Eggs are tended, cleaned and aerated by females until they hatch. Incubation takes 150 days to seven or more months, depending on the temperature. Females do not feed while tending eggs and die when the eggs hatch or shortly thereafter. Many of the eggs will die if not tended by the female until hatching.
Following hatching E. dofleini swims toward the surface and spend 4-12 weeks drifting in the plankton until they reach a size of >14 mm mantle length (still under 5 grams.). The young then settle to the bottom, although not much is known about this settlement phase.

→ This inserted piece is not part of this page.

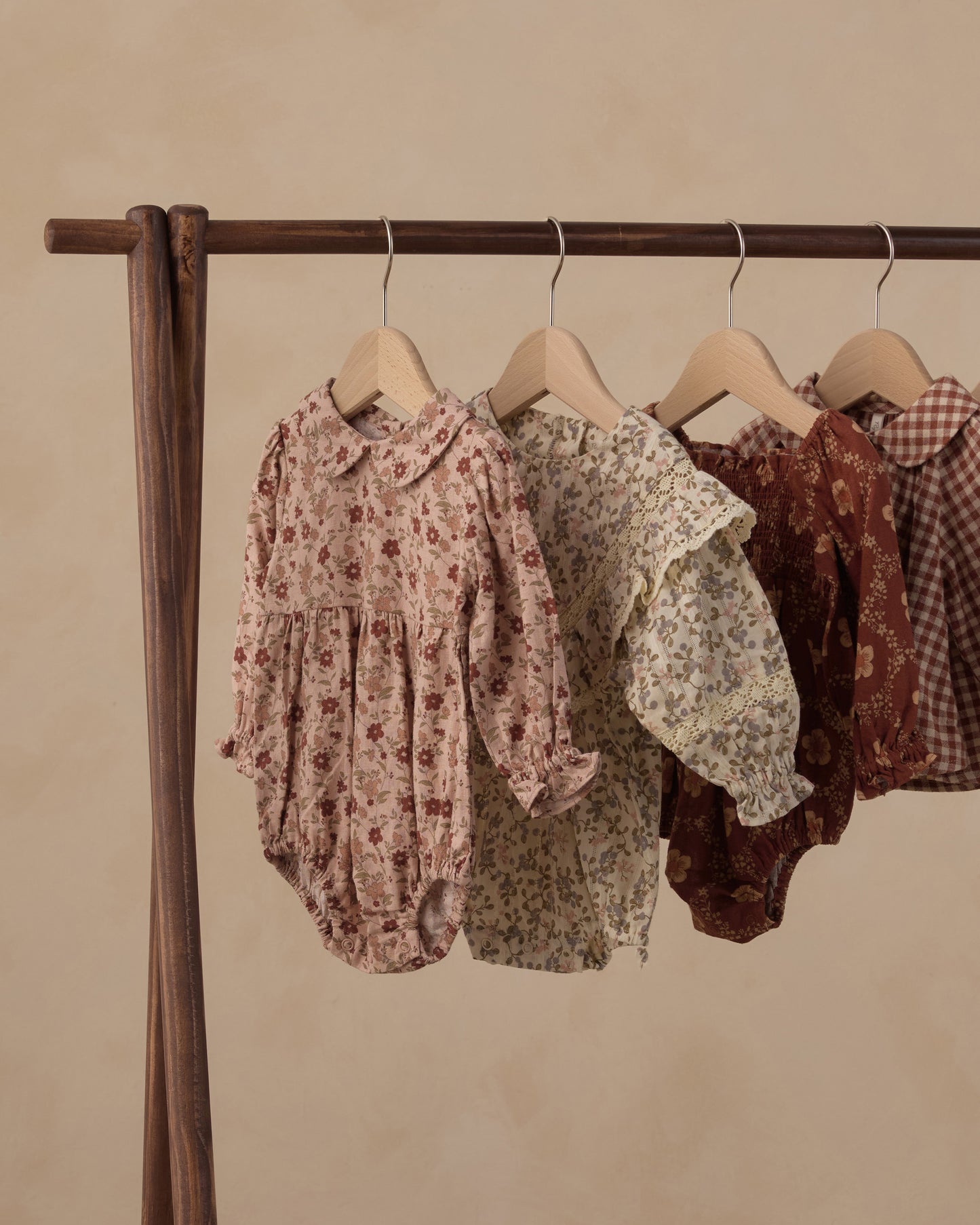 Four baby romper dresses in vintage floral and gingham patterns hanging on wooden hangers from a dark wood clothing rack against a warm beige background.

Dens are an important resource to octopus during all benthic life stages. Dens are used both as brooding chambers and as refuges from predators, including other octopuses, various fishes, and many marine mammals. Most dens of juvenile E. dofleini are naturally occurring spaces under rocks or in crevices or are an excavated cavity in sand or gravel under a boulder.
Octopuses consume mostly crustaceans and mollusks, most often-small crabs and scallops. Other bivalves, snails, fish and other octopus are also eaten.
Octopuses use three different techniques to gain entry to hard-shelled prey: they may pull it apart; bite it open with their beak or 'drill' through the shell. Preys that are difficult to pull or bite open are drilled: secretions from the salivary papilla soften the shell of the prey, and the softened material is then scraped away with the radula to create a tiny hole in the shell. Through this hole, the octopus secretes a toxin that paralyzes the prey and begins to dissolve the connective tissue. The prey is then pulled apart and consumed.
The third right arm of the male octopus is hectocotylized with a modified tip, called the ligula that is used during mating and in E. dofleini may be one-fifth the length of the arm.
Males may mate with more than one female and females receive fairly large spermatophores (up to 1m long) during mating. Eggs are laid some time after mating (one report of 42 days in captivity in Hartwick, 1983).
The mouth is located at the center of the arms. Octopuses have a strong, parrot- like beak contained within the bucal mass, the muscles which work the beak and tongue.
Mature female E. dofleini have 2240 suckers, 280 on each arm, but males have fewer because there are only about 100 on the hectocoylized arm. (Toll, R. 1988. "The use of arm sucker number in octopodid systematic (Ceph: Octopoda)" American Malacological Bulletin. 6(2): 207-211. 1988). In at least shallow-water species of octopuses there seems to be a species-specific number of suckers per arm that is reached at a size less than the maximum size, with the number on the hectocotylus also species-specific. In the deep-water species, this doesn't necessarily hold.